14. Retention of data
If we don’t need it, we delete it
We will always make sure to keep only the data we need and only for the time we need it for. We review the data we hold on a regular basis. If we find the purpose for which we collected it is no longer relevant – we delete it. We also strive to collect only the data we need.
The specific timeframe will vary but if we have no business or legal need to keep it, we will either delete it securely or anonymise it to ensure no one can ever link you to it. For example:
- We may need to hold information about you for longer than usual in case you earned an incentive by taking part in research, but you have yet to redeem it on our website.
- If you are a healthcare professional, we may need to keep reports of Adverse Events you mentioned about patients until we are satisfied it was followed-up on properly.
15. Quality Standards
Business excellence delivered
Our commitment to you and the quality of our work is enshrined in the following memberships of trades associations and certification to ISO standards.
- Company Partners of UK Market Research Society (MRS)
- Corporate Members of The British Healthcare Business Intelligence Association (BHBIA)
- Members of the European Society for Opinion and Marketing Research (ESOMAR)
- Registered with the Information Commissioner’s Office (number: ZA219373)
- ISO 20252-certified (quality management system for operational excellence)
- ISO 27001-certified (information security standard)
For more information on these laws, codes and guidelines, please go online.

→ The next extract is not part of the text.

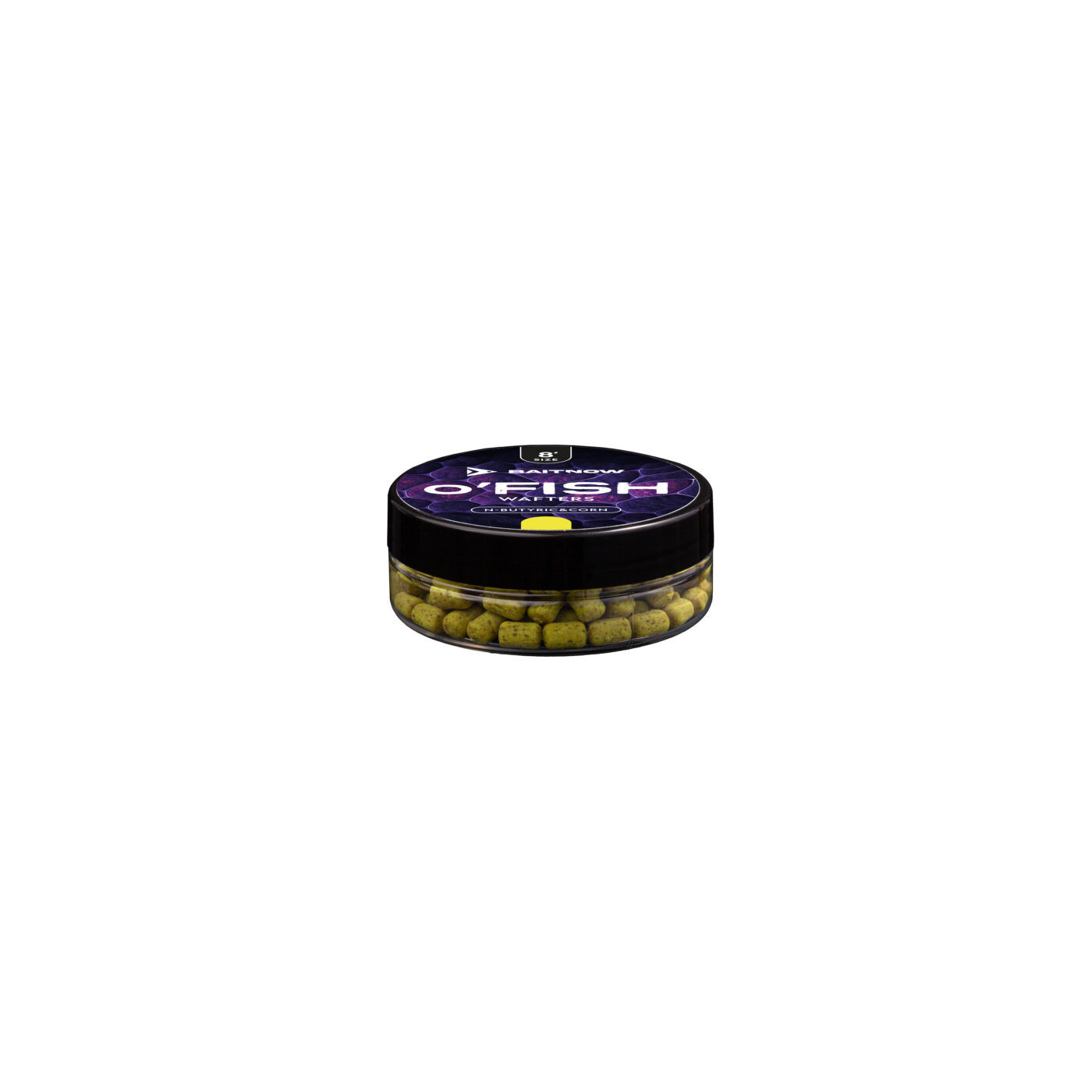 Waftersy Method Feeder BaitNow – O’Fish N-Butyric&Corn 8mm - Centrum wędkarskie - Sklep wędkarski Jarofishing Waftersy Method Feeder BaitNow – O’Fish N-Butyric&Corn 8mm - Centrum wędkarskie - Sklep wędkarski Jarofishing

16. How to opt-out from further e-mails
Getting too many e-mails?
We hope that you are satisfied with the content and nature of our communication with you, but if you no longer want to receive e-mails from RONIN, please click on the ‘unsubscribe’ link at the bottom of our e-mails.
17. Getting in touch
Questions or queries?
We have appointed a Data Protection Officer who is the point of contact for any questions you may have in relation to this Policy, your personal data and how we use it. The DPO also acts as the point of contact for any organisation or regulatory body that would have questions about your data and how we use it. If you have any questions, including about this Policy, please e-mail our DPO on firstname.lastname@example.org or reach out by postal mail to:
FAO: Data Protection Officer
Harling House, 4th floor
47-51 Great Suffolk Street
SE1 0BS, London, UK
We will always endeavour to address any complaints or disputes that individuals have about their personal data or privacy, but if you have reason to believe we have not treated you fairly and our response to you have not been satisfactory, you can choose to lodge a complaint with the Information Commissioner’s Office (ICO), the UK’s Data Protection Authority and supervisory authority in the UK, by telephone on 0303 123 1113 or on www.ico.org.uk.
If you are not based in the UK, you may want to lodge a complaint with your local data protection authority. A list of these institutions is available here (last accessed 9th May 2018).
18. California Residents
Are you a California Resident?
Please consult our supplementary California Consumer Protection Act (CCPA) Privacy Notice for further information.
19. Amendments to this Policy
From time to time, we may need or choose to amend this Policy. If we change this Policy in ways that affect how we use your personal data, we will post a notice on our website to advise you of this change. This will apply from the moment that the change is made on our site.